The former chief financial officer of a health-care provider has settled civil charges with the Securities and Exchange Commission for allegedly causing his onetime employer to file materially false financial statements. Thomas P. Clark of Health Risk Management (HRM) agreed to pay a civil penalty of $20,000 — which the regulator said “was based, in part, on his financial condition” — and to be barred from serving as an officer or a director of a public company for five years.
The SEC alleged that in August 2000, Clark negotiated a $1.85 million settlement on behalf of HRM, and its wholly owned Medicaid HMO, to settle an arbitration dispute with one of the HMO’s health-care providers.

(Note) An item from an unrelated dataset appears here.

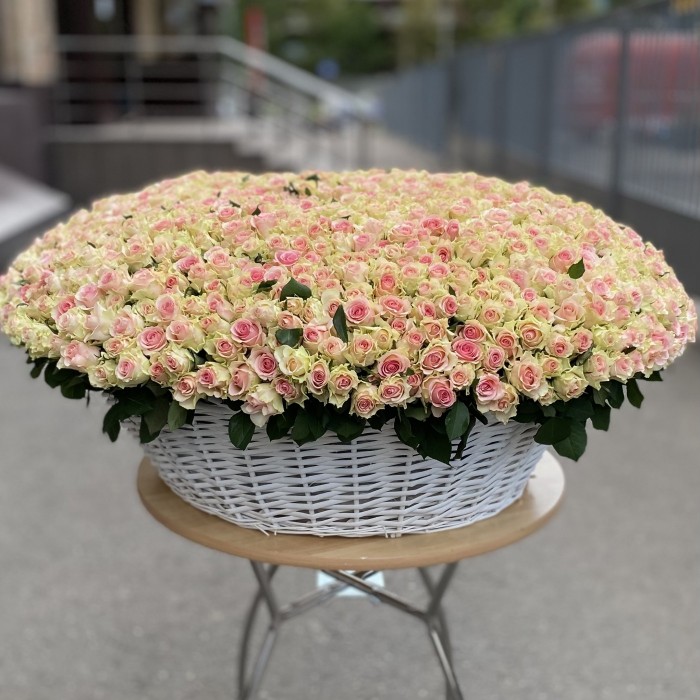 1001 роза Топ-гир в корзине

The regulator accused Clark of trying to hide the full amount of the settlement by recasting $1.35 million of the amount as a prepaid “retainer” for consulting services. HRM never needed the consulting services and never received them, according to the complaint.
The SEC also alleged that Clark booked the $1.35 million payment as an asset rather than as a settlement expense, causing the company to file “materially false financial statements” with the commission for the second and third quarters of 2000. The SEC also charged that Clark failed to inform his company’s outside auditors about the consulting agreement and the true amount of the settlement. The company subsequently filed for Chapter 11 bankruptcy protection, and in 2005 terminated its registration with the SEC.